MS: Why magical realism? Did you think about using other genres?
CR: Nope, not really. I’ve always loved stories that rely on big ideas, high concepts and strong “hooks”. Kafka, Borges, The Twilight Zone, plays like Friedrich Dürrenmatt’s The Visit, the classic Stephen King short stories and novellas and classic detective fiction too (think Agatha Christie’s Murder of Roger Ackroyd). In other words, a story that is engaging as a narrative but also original and interesting as an idea, conceptually or even philosophically. So partly Magic Realism Bot comes from having an interest in these, coming up with these types of premises in the conventional way, and wanting to find a way to generate them programmatically.
Jorges Luis Borges is famous for this kind of literature of ideas, and I’m a huge fan.
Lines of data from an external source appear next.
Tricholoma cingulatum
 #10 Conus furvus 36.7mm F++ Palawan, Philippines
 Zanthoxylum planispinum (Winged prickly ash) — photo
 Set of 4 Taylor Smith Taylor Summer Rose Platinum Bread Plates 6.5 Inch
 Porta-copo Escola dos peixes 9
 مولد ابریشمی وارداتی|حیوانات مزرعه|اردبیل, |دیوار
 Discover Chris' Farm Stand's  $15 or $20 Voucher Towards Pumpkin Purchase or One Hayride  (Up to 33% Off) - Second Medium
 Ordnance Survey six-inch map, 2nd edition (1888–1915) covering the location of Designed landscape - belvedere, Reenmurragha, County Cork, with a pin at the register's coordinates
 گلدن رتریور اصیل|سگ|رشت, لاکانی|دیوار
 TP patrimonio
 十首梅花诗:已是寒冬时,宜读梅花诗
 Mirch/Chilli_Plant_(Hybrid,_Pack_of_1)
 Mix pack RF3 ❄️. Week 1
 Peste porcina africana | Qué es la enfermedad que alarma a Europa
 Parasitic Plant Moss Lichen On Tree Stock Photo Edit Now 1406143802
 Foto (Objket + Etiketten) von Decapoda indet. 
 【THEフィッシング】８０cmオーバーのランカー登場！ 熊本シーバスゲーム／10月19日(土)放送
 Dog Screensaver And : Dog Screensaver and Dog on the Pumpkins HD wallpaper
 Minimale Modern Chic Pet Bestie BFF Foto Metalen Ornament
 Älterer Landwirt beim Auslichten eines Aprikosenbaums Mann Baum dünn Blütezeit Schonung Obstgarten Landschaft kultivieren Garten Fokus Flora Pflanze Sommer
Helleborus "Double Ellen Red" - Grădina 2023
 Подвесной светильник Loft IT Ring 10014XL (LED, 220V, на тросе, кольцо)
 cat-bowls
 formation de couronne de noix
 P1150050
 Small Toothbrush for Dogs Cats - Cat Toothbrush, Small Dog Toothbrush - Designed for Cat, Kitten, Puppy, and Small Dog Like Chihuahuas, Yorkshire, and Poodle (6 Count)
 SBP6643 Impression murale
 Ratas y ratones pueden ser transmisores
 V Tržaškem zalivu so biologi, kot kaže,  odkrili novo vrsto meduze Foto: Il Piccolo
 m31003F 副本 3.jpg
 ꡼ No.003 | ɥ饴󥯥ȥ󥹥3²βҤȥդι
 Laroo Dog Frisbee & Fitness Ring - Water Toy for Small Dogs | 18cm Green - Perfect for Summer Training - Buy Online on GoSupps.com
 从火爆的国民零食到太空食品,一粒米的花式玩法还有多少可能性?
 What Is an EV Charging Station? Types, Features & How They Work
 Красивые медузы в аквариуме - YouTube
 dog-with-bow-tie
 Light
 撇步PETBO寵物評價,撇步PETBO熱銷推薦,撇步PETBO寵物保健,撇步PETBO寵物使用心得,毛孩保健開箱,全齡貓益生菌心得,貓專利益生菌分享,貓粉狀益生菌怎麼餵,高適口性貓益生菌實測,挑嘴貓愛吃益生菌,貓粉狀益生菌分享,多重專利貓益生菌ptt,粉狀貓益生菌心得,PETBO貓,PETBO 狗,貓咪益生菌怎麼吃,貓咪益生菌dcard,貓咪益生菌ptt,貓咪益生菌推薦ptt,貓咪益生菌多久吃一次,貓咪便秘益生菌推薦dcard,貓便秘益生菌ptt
I realised a while ago that many Borges stories tend to follow a specific pattern: the telos underlying a particular idea or structure is exaggerated ad absurdum, so that it overfulfils it. (A library, a maze, a map…) This led to the idea to create a “BorgesBot” which would generate Borgesian story ideas. After a while, it became clear that the particular affordances of the Twitter bot are best suited for magic realist story ideas much more broadly defined (a book inside someone’s heart, a rainstorm of cathedrals). In other words, keeping it to Borgesian ideas (which are quite dry, rather than colourful and visual, and also metafictive) was too limiting. Currently the bot draws inspiration from a bunch of magic realist authors as well as other genres (fantasy, children’s lit, YA, detective fiction).
Another reason why the bot is a good fit for generating magic realist premises is that it can create links between ideas and concepts that aren’t normally connected, that are totally divergent, in a way that humans don’t easily do. We can imagine of someone drowning in a lake filled with water, or maybe lava, but it’s less likely we’d easily think of a lake filled with clocks, tigers or prime numbers.
A third reason for choosing magic realism is that Twitter maybe isn’t particularly amenable to long-form narrative, but it can do microstories and particularly premises or loglines well. (See also Nora Reed’s @thinkpiecebot). So I think this is a format that works well for it.
MS: What are some of your favorite entries written by the bot?
AR: A depressed archduke builds a swimming pool that is filled with optimism came up during testing back when it was still BorgesBot and is still one of my favourites.
CR: A few weeks ago we added some templates that include direct speech and I think they’re working pretty well:
A pine tree whispers to a princess: “I wish I was a rose bush”, and
A beehive whispers to an opera singer: “I wish I was an opera house.”
A few others I have liked are:
A 14th century queen passes a law against opposites.
A famous librarian discovers a painting that depicts every single owl in the world.
A hen lays an egg. A fox is inside it.
A schoolteacher invents a new kind of astrology based on the movements of swans.
I also like the particular template that devises magic realist detective novels, like “A murder mystery in which the killer is revealed to be Velazquez’s Las Meninas.”